Editing Skin
Editing skin is important if you don't want all of your subjects to look old, weird, or dead. Also, fixing up the skin is important before you put the image into a graphic for obvious reasons.
There are many ways to edit the skin beyond what I have here, because some pictures will have different skin problems than the one that I am editing. I chose a picture of Uma Thurman where the quality isn't all that great and she looks like she has age spots. We'll have those all fixed, don't worry.
Click any image to enlarge it.
- I started out with the usual - put the picture into a 1000x1000 px file, with the Contents set to Transparent and at whatever resolution the picture is (if you copy the picture from Microsoft Paint and immediately open a new document in Photoshop, it will provide you with the resolution and the size of the image.) After that, just paste the image in, duplicate the layer, and you're ready to work.
- With her, I started by increasing the brightness and contrast of the picture since it was extremely dull. Make a practice of doing this with all your photos because they always look a lot better when you brighten them up.
- Next, I duplicated the layer (make a practice of this) and grabbed the Smudge tool. Make sure you have the opacity set to 20% or lower. Otherwise, you are just going to be smudging her face around. The brush I use has the Hardness set to 0. Make sure that you don't make the brush size too big or small - just enough to smooth away shadows.
- Start by smoothing the face in areas where it is pixilated or the shadows are odd. This picture of Uma has some weird shadows on her cheek, so I took care of those. Make sure you are careful about the forehead. Remember - people do not have flat foreheads, so don't smooth everything together too much. Mostly, you just want to weed out rough edges and pixilation.
- Try not to mess around too much with creases around the mouth - those are natural. Also, don't forget about the ears and neck, and be careful around the nose.
- Use a smaller brush size when dealing with the eyelid and around the eyebrows.
- After I did that, I zoomed in even more so I could see both eyes and started to remove the bags under her eyes. Start from the outer edge of the eye and smudge toward the inner corner, and make sure that you aren't messing up too many shadows. Do this for both eyes.
- At this point, you might want to zoom out and check to make sure that you didn't make the person look stupid or airbrushed. Trust me, it happens.
- Now is the time to make sure the skin is even all the same color. Use the eyedropper tool to select a nice color skin tone in a patch of skin somewhere (make sure it is generally a medium color - not too yellow and not too red, or any other color, depending on the picture.)
- PIck up the airbrush tool, set the Hardness to 0 and the brush to a reasonable size. The Opacity of the brush needs to be at or below 10% because you don't want to make the even skin tone overpowering, and it helps if you make a mistake. Zoom all the way in on the skin, select Hue from the Brush "Mode" drop-down box, and start glossing over areas of the skin that are not the same color.
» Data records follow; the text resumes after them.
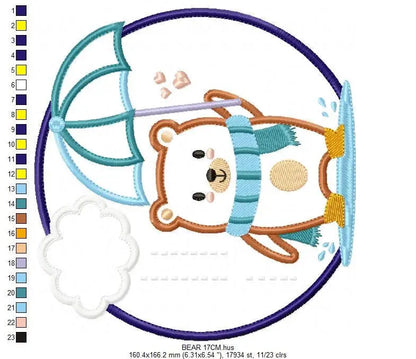 Bear with umbrella embroidery designs - Winter embroidery design machine embroidery pattern - Bear applique design - Instant download pes Marcia Embroidery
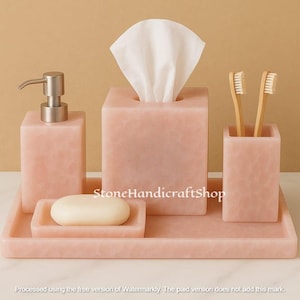 Rose Quartz Bathroom Decor Set | Pink Crystal Vanity Accessories | Luxury Spa-Inspired Self-Care Gift | Elegant Healing Stone Decor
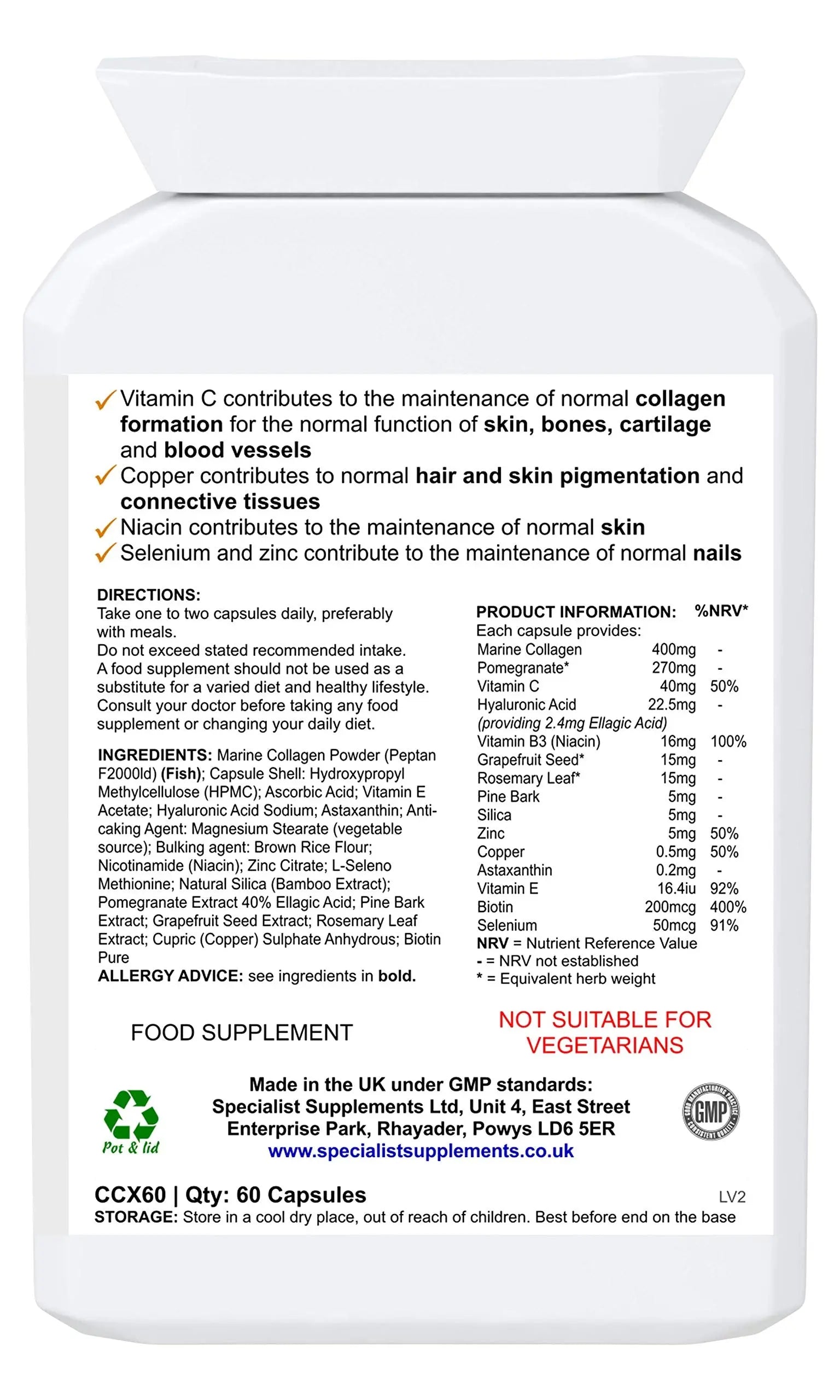 Specialist Supplements Collagen Ultra Beauty Marine Collagen, Hyaluronic Acid, Vitamin, Mineral Specialist Supplements Au supplements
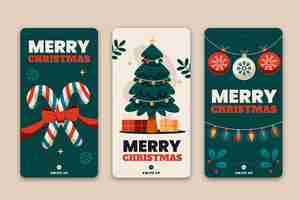 Free vector hand drawn flat christmas instagram stories collection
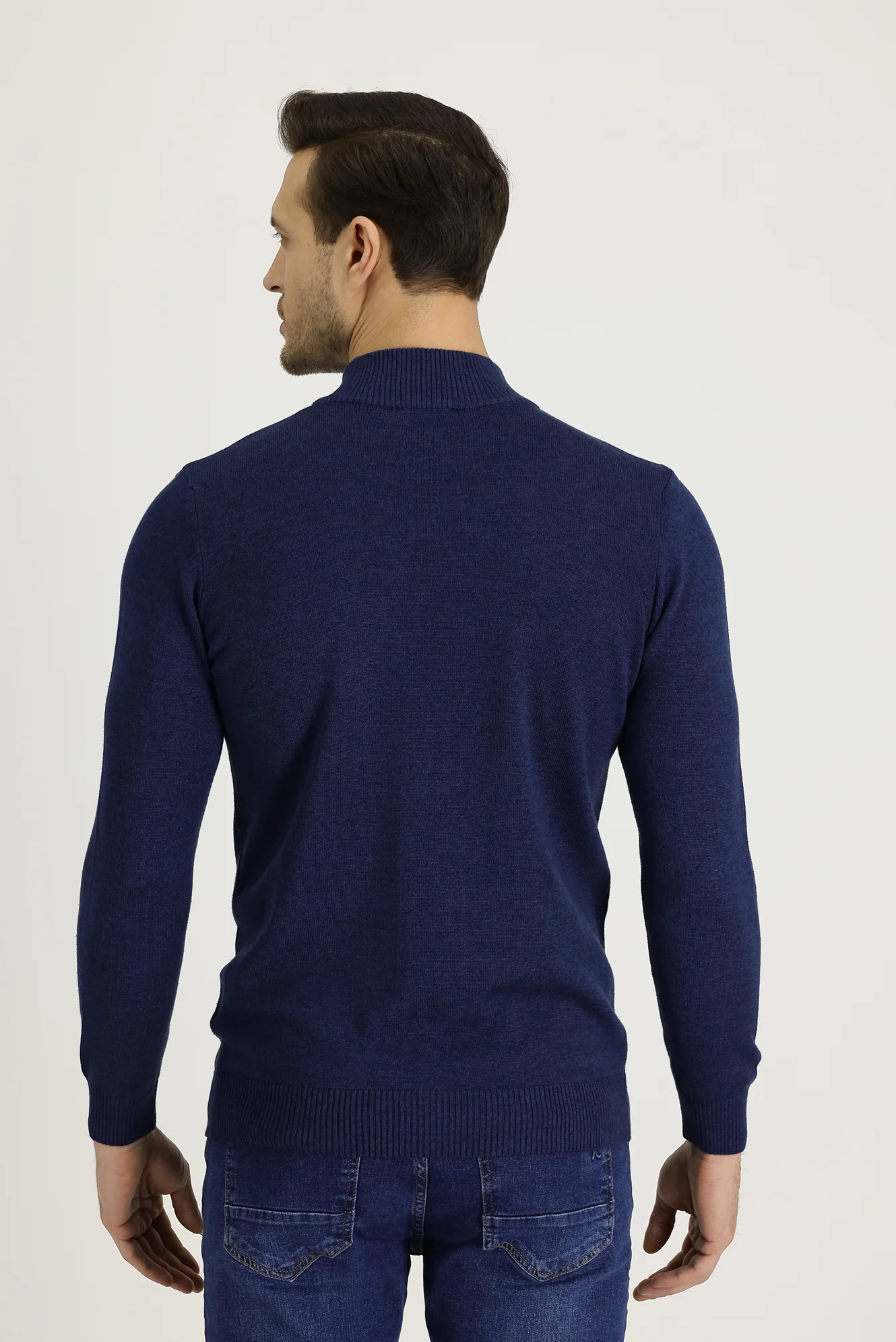 Orta Lacivert Melanj Yarım Balıkçı Yaka Slim Fit Dar Kesim Fermuarlı Nakışlı Pamuklu Triko Kazak - Image 4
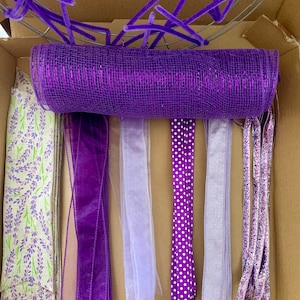 Purple Wreath Kit, Make Your Own Wreath Kit, Purple DIY Wreath Kit, Lavender Wreath Kit, Lavender DIY Wreath Kit, Purple Mesh Wreath Kit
- You might have noticed that Uma's face had a few red/pink patches that showed up even after I smoothed out her skin. Making it the same color does not leave her with the appearance of sunburn.
- After you are satisfied that the skin is the same color, zoom back out and pinpoint any changes you would like to make. It was at this time that I straightened out her eyebrow and cleaned up her hairline a bit.
- Then, your picture is ready for a graphic!